Le terme voudrait bien tout dire du futur de nos villes mais, dans la réalité, il n’est parvenu, jusqu’à présent, qu’à entraîner un débat « limité, biaisé incomplet, et précipité ». Une partie de l’explication tient au fait, selon cet auteur, « que la gamme de solutions liées à la smart city sont généralement présentées de façon générique indépendamment des circonstances sociales techniques, politiques, démographiques et culturelles ».

En janvier, déjà, Adam Greenfield, critique acerbe de la ville intelligente, s’en était pris au fait que toutes les villes nouvelles se ressemblent. Ça leur donne un air de modernité qui plaît aux élites et cela vient de ce que ceux qui les dessinent ignorent tout du contexte dans lesquelles elles s’insèrent. Artificiel à l’extrême, le résultat donne des villes qui ont bien du mal à se peupler car personne ne s’y reconnaît.

Les développements partant de réalités locales ne manquent cependant pas.

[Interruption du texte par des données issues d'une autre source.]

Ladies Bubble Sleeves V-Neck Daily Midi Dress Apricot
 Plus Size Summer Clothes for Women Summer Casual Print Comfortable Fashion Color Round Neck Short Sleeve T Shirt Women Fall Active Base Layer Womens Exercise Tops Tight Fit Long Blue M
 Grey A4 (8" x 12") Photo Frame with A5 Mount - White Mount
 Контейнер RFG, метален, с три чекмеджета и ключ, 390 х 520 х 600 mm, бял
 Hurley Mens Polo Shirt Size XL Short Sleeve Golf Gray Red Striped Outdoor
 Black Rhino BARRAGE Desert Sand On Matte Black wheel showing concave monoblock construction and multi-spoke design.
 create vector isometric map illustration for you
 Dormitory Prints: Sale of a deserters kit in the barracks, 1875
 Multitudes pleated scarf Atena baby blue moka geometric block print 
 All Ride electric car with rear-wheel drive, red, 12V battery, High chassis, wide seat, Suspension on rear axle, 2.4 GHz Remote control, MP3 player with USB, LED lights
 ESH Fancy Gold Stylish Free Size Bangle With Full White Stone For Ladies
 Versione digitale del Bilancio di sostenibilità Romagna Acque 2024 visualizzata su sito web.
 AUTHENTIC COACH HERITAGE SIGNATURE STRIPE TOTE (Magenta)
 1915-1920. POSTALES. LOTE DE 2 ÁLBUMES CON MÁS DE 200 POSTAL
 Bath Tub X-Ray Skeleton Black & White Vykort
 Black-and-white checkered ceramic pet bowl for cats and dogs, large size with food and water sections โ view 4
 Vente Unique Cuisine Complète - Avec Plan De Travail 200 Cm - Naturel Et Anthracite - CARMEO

· Barcelone, utilise une partie de son urbanisme particulier et de son tissu social intense pour réorganiser son centre-ville en « super pâtés de maisons » où la gestion citoyenne est pensable. Cela permettra de réduire la circulation et d’augmenter les espaces publics protégés.

· Le Japon cherche à parier sur la densité urbaine pour mieux satisfaire sa population de plus en plus âgée.

· Au Nigeria, Lagos n’hésite pas à créer une école flottante au milieu d’un bidonville sur pilotis alors même qu’elle attire des milliards de dollars de Dubaï et se dote de son propre Smart City Innovation Hub. Une approche diversifiée qui n’oublie pas ses réalités et invite à se demander si cette ville, de mieux en mieux gérée, ne peut pas « sauver le pays ».

Nous savons depuis un certain temps déjà qu’il n’y a ni définition, ni modèle de ville intelligente qui satisfasse tout le monde (voir mon livre sur ce sujet). Cela nous laisse une immense liberté… Elle s’exercera d’autant mieux qu’elle tiendra compte de cet avertissement de Manu Fernandez : « Il est impossible de continuer à comprendre et à décrire la technologie comme un espace étranger que nous devons assumer comme acquis, et les villes (la société) comme de simples bénéficiaires de cette technologie ».